Tuesday, May 21, 2013

Inspiring visits: a soap factory and a street kid rehabilitation centre

Students at SFB have a habit of taking chairs from classrooms and auditoriums outside to study in the gorgeous gardens around campus. It's awesome to see how studious everyone is, away from their laptops, and fully immersing themselves in their books, and it's also quite the sight to see so many desks in bizarre places around campus. However, exams have picked up this week, which means that more students have taken up this practice. So, when we showed up to class this morning, there were no chairs! We therefore had to move to a smaller classroom across campus, for today's session. Jamie managed the change well and taught an interesting case, based on the Canadian company, Barrick Gold, and its issues surrounding a community near Lake Victoria in Tanzania.
After a quick working session on campus, Aleena's family driver picked up Chris, Jamie and I from campus and took us to their home. I said it yesterday, but I'll say it again: it's so nice to be greeted by their familiar faces, it really does feel like a home away from home! Aleena and Samir then took the three of us into town, to tour the family business. As I wrote in my blog post yesterday, this place is an empire! Sulfo Rwanda Industries are Rwanda's single largest employer, and they have an impressive track record of employee retention, as they are renowned for treating their employees superbly.
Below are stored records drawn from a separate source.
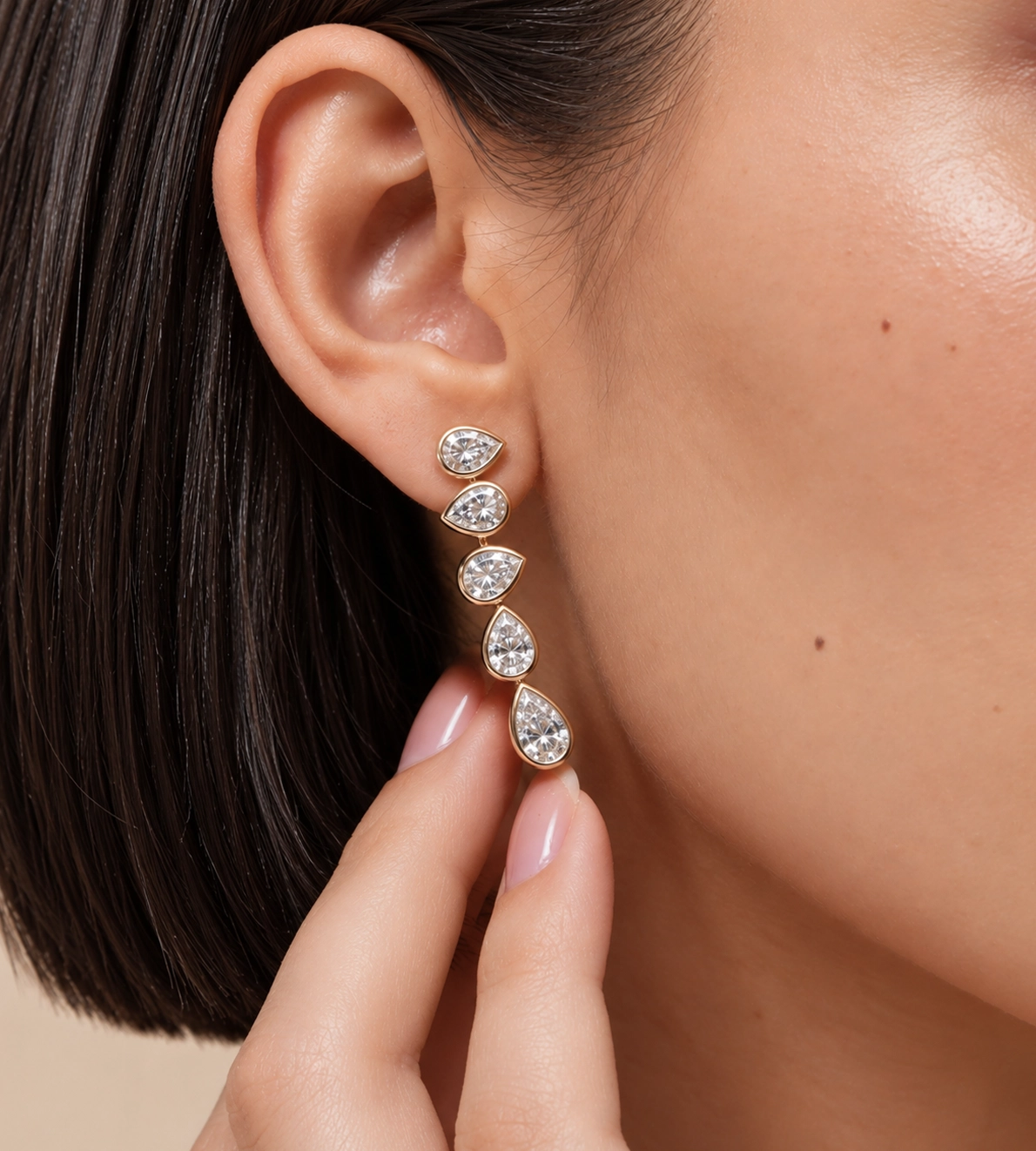 San Marino Bezel Set Pear Shaped Diamond Drop Earrings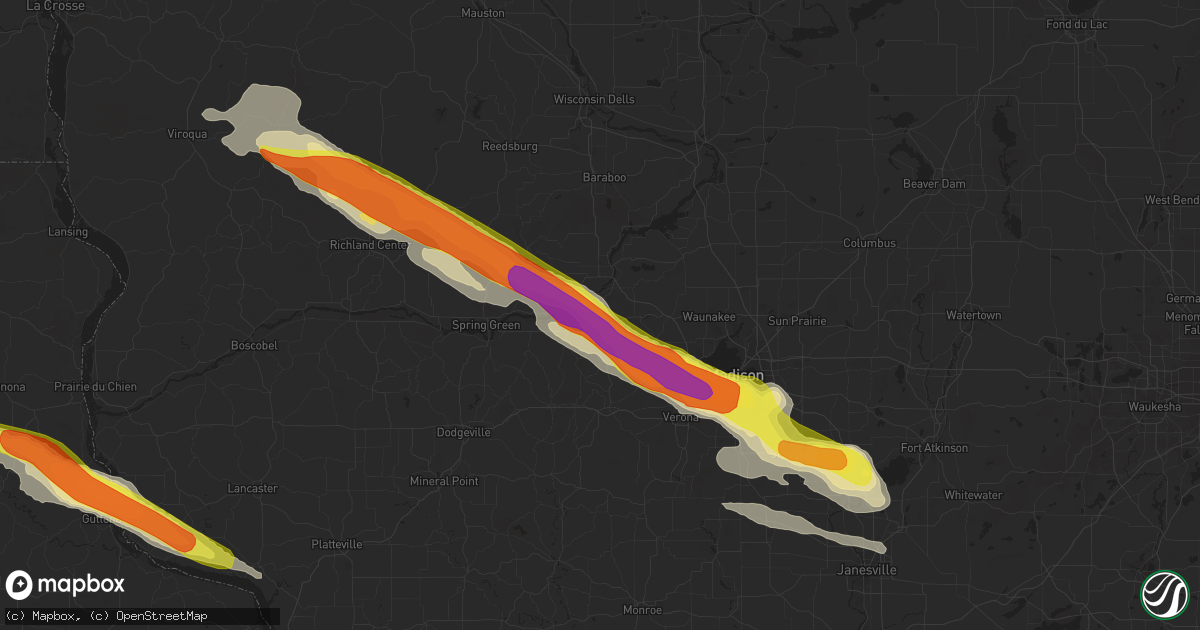 Hail map in Mazomanie, WI on September 19, 2016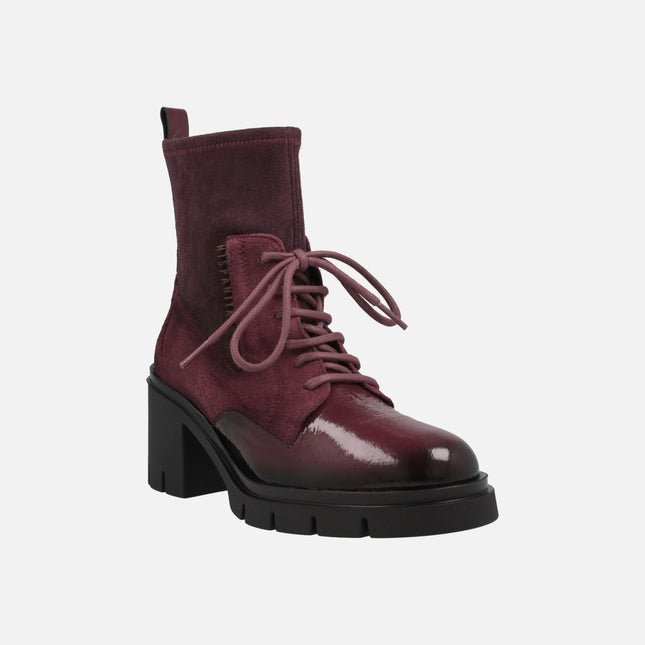 Botines de cordones Zurich en combinado multi material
We had the opportunity to meet with one of the senior managers, who showed us a quick presentation on the company, how Aleena's grandfather literally started with nothing, and how the business has transformed over the last fifty years to become one of the nation's prized homegrown companies. He took us into the plant, and we got to see the entire process flow of the soap bar production, including a massive machine that has been used since the 1970's!
We then made our way into the water filtration and bottling facility, and it was SO COOL. From the little plastic tubes that are heated and blown up into various sizes of water bottles, to the high tech water filtration system, to the roller coaster that the bottles flow through to be filled, capped and labelled, I was in awe. I'm glad we've been drinking Nil all month, as we're now connected to the brand, and it really is of superior quality, surpassing the regulations in place.
After our tour, we picked up Aleena's nieces, and made our way to Les Enfants de Dieu. This was another INCREDIBLE place. It's hard to describe, but essentially, it's an orphanage/rehabilitation centre for street kids. Not only does the facility house and feed the children, teach them life skills and provide them access to education, it teaches them responsibility, in a very unique manner. Les Enfants de Dieu is essentially run by the children themselves! The chief of staff, Rafiki, talked to us about the system that's been in place for about 11 years. Basically, there is a government, comprised of elected "Ministers" aged 15-18 who each run certain aspects of the management of the centre. The Ministers have committees of children and youth underneath them, and together they completely control their department. Ministries include finance, agriculture, recreation and others. Rafiki explained to us the initial hesitation by the staff to adopt the model, but then described how successful it has been for all parties, as it's all a system of control, and responsibility. The centre was started and continues to be run by Aleena's cousin, Faraz, and their grandfather, which made the whole story even cooler for us.
Feeling quite inspired, we made our way home for our evening meeting, and said goodbye to Aleena and Samir. They went out of their way these last few days to make me feel like a part of the family, and I'm so very grateful for their generous nature and friendship. We did some work, and found out our meeting was rescheduled again to tomorrow! A tad frustrated, we decided to go into town to see Patrick playing at the Golden Hills Hotel. The restaurant was poolside and very posh, and he was great! The food was overpriced and not so filling, but other than that, we enjoyed listening to his band play, and had a lovely evening chatting with Alex's other friends who also joined us for dinner.
After Patrick's set, two girls he's been translating for (another one of his many talents) arrived to say hello. They happened to be from Western University as well! They're here working with Western Heads East, and we were surprised to find out that they will be starting up a probiotic yogurt kitchen at Les Enfants de Dieu this summer! It really is such a small world, and we were all excited to share stories of our interactions with the wonderful orphanage.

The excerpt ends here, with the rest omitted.